> **Task inputs**:
== Segment start ==

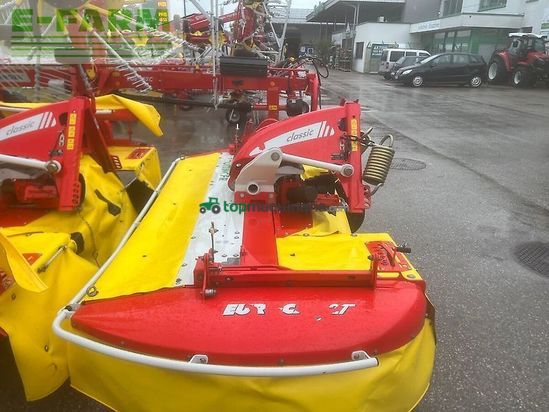 Cortacésped manual - Pöttinger - eurocat 311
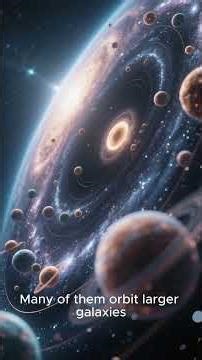 How Big Is Our Galaxy Compared to Others? 🌌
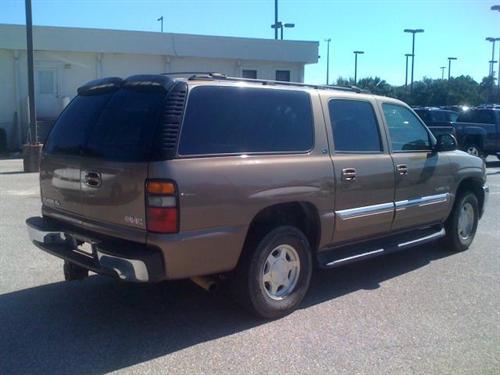 GMC Yukon XL Water Truck Other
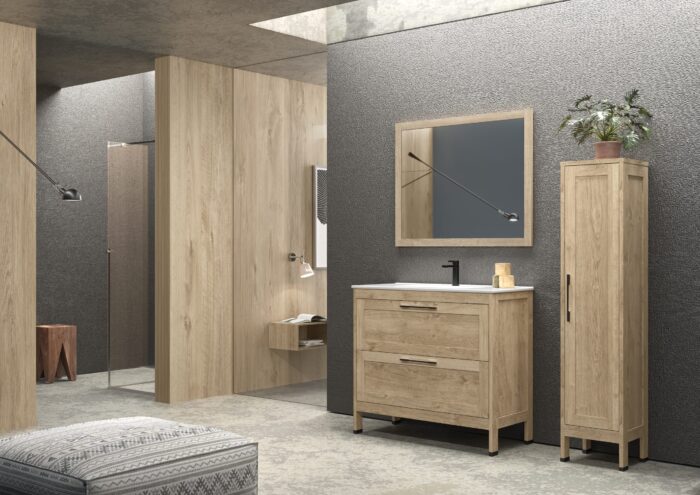 Серия Toscana 100 см Дървесен Серия Toscana 100 см Дървесен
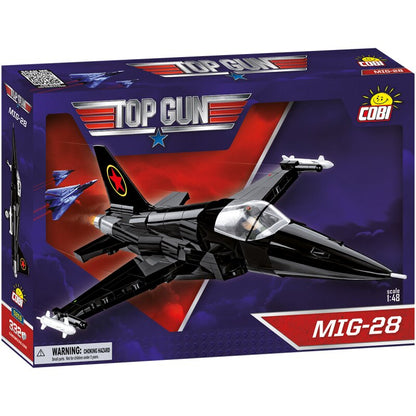 COBI TOPGUN MIG-28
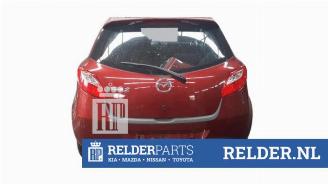 Mazda 2 2 (DE), Hatchback, 2007 / 2015 1.3 16V S-VT High Power picture 5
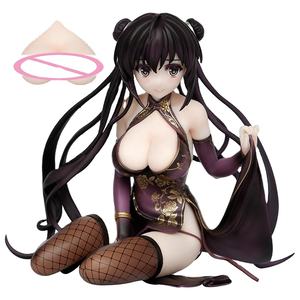 Figuras de <span class=keywords><strong>Skytube</strong></span> Winter Moon Jasmine, versión sentada, adornos de coche de <span class=keywords><strong>anime</strong></span>, modelo de muñecas articuladas, artesanías de plástico. - Product Image 1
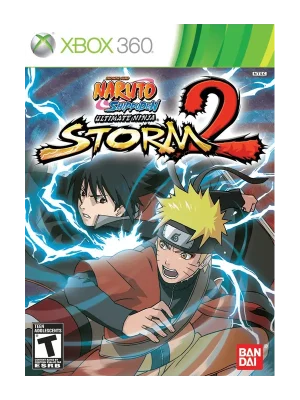 Naruto Shippuden Ultimate Ninja Storm 2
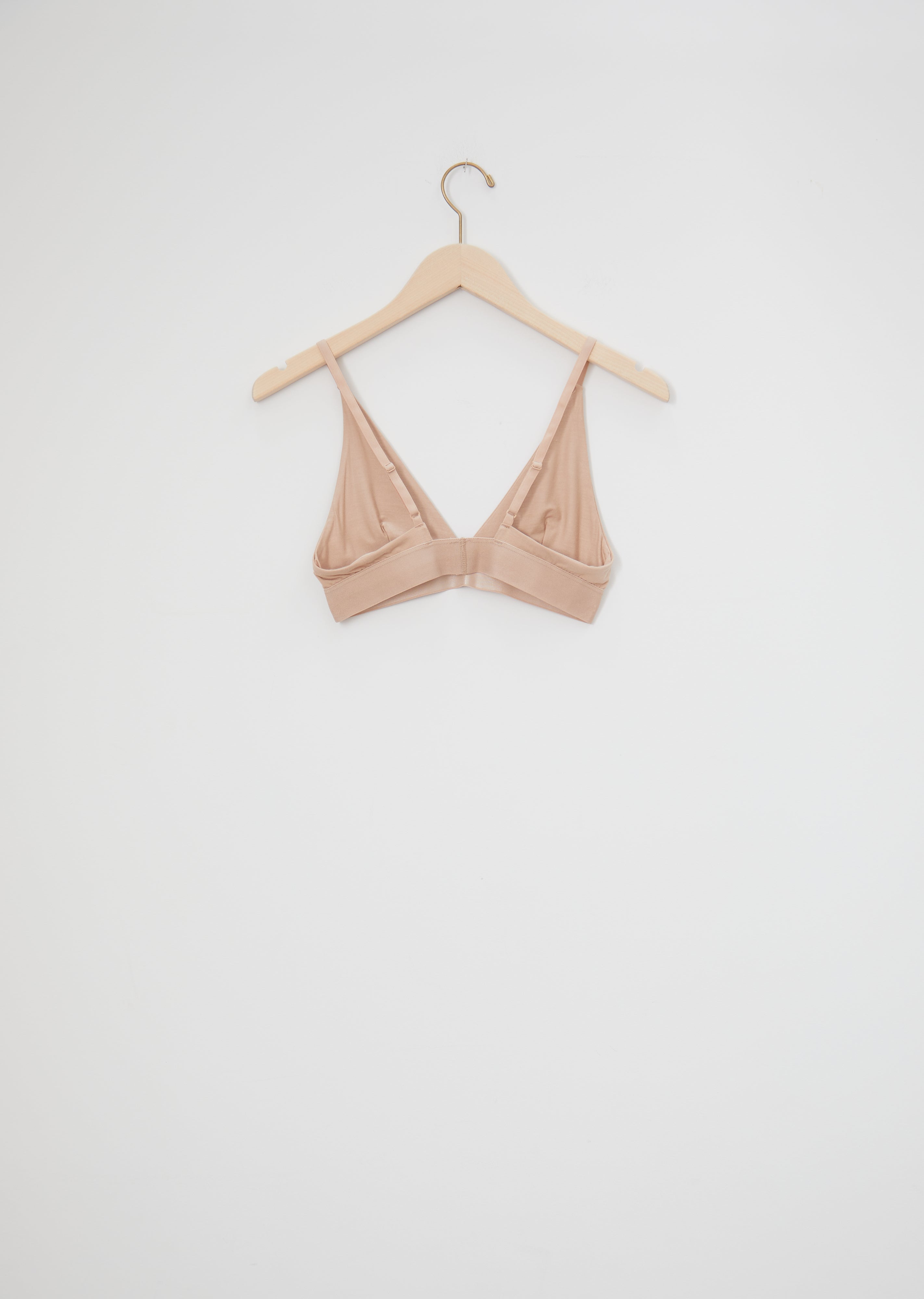 Anna Field SOFT TRIANGLE BRALETTE 3 PACK - Triangle bra - nude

== Segment end ==

> **Your assignment**: Write out the lines from the line with "GMC Yukon XL Water Truck Other" through the end of the records exactly; do not include pictures or any other lines.

> **Solution below**:
 GMC Yukon XL Water Truck Other
 Серия Toscana 100 см Дървесен Серия Toscana 100 см Дървесен
 COBI TOPGUN MIG-28
 Mazda 2 2 (DE), Hatchback, 2007 / 2015 1.3 16V S-VT High Power picture 5
 Figuras de <span class=keywords><strong>Skytube</strong></span> Winter Moon Jasmine, versión sentada, adornos de coche de <span class=keywords><strong>anime</strong></span>, modelo de muñecas articuladas, artesanías de plástico. - Product Image 1
 Naruto Shippuden Ultimate Ninja Storm 2
 Anna Field SOFT TRIANGLE BRALETTE 3 PACK - Triangle bra - nude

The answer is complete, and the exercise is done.